Known safety switch assemblies comprise a safety switch adapted to be
fitted to an enclosure and an actuator adapted to be fitted to a door,
gate or protective cover of the enclosure and insertable into the safety
switch to turn ON the electrical power supply when the enclosure is closed
by the door, gate or protective cover.
2. Description of the Prior Art
Known safety switches comprise within a housing normally-open contacts, one
set fixed, and the other movable and carried by an axially-movable push
rod spring-loaded to maintain the sets of contacts apart and the power
supply consequently OFF.
The axially-movable push rod is connected to a rotatable cam of a cam
arrangement normally disposed to prevent cam rotation and consequently to
secure the push rod in a power supply OFF position but which is operable
by the actuator to cause cam rotation and axial movement of the push rod
to a power supply ON position.
Cam arrangements are known in which the rotatable cam prevented from
rotating by a releasable connection between the cam and a non-rotatable
locking element, rotation of the cam and consequent axial movement of the
push rod from the OFF position to the ON position being effected by the
actuator engaging the rotatable cam either to move the cam axially along
its axis of rotation to release the connection between the rotatable cam
and non-rotatable locking element, or to move the latter axially along a
shaft defining the axis of rotation of the cam to release the connection
with the cam.
These known cam arrangements are vulnerable to loss of free axial movement
of the cam or the locking element along the cam shaft due to the
accumulation of dust and grease between the latter and the cam or the
locking element which may inhibit their axial displacement by the actuator
or their return to the locked position upon withdrawal of the actuator.
It is an object of the present invention to provide an improved switch
assembly.
SUMMARY OF THE INVENTION
According to the present invention there is provided a safety switch
comprising a housing containing electrical contacts movable from a power
supply OFF position to a power supply ON position by rotation of an
actuating cam also contained within the housing and adapted to be rotated
about a predetermined axis by an actuator of a predetermined shape
insertable into the housing, wherein at least one locking member is
mounted within the housing for movement in a direction perpendicular to
the axis of rotation of the actuating cam, and the or each locking member
is resiliently urged towards engagement with the actuating cam to prevent
rotation thereof and consequent movement of the electrical contacts to the
power supply ON position, the actuator being shaped such that when
inserted into the housing it engages and displaces the or each locking
member away from the path of movement of the actuator and out engagement
with the actuating cam, and engages and rotates the cam to cause movement
of the electrical contacts to the power supply ON position.
Preferably there are two locking members each slidably mounted on tracks
defined by the housing.
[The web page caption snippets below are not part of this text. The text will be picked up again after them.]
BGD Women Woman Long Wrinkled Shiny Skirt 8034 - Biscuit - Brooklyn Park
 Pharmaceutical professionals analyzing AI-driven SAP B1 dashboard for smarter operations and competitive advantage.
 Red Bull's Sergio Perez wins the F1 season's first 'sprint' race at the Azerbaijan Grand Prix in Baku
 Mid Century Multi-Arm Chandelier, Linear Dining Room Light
The housing may define two apertures through which
the actuator is insertable to contact the locking members and the
actuating cam, the two apertures opening in mutually perpendicular
directions.
The actuating cam is preferably arranged so as to rotate in the same
direction as the result of insertion of the actuator through either
aperture. Preferably each locking member comprises a first component
slidably mounted on the housing and a second component slidably mounted on
the first, the first and second components being arranged such that
insertion of the actuator through one aperture causes it to contact one
component whereas insertion of the actuator through the other aperture
causes it to contact the other component. Each locking member component
may define an elongate slot through which a shaft mounted on the housing
extends, the slots being mutually inclined and defining the respective
directions in which the respective components are forced to move relative
to the housing. The second locking member component may be slidable
relative to the first component in a direction perpendicular to the
direction in which the first component is slidable relative to the
housing, and the slots are inclined at an angle of 45.degree. to each
other. The first locking member component may be spring biased by a
compression spring bearing against a wall of the housing towards a
position in which it engages and locks the actuating cam against rotation.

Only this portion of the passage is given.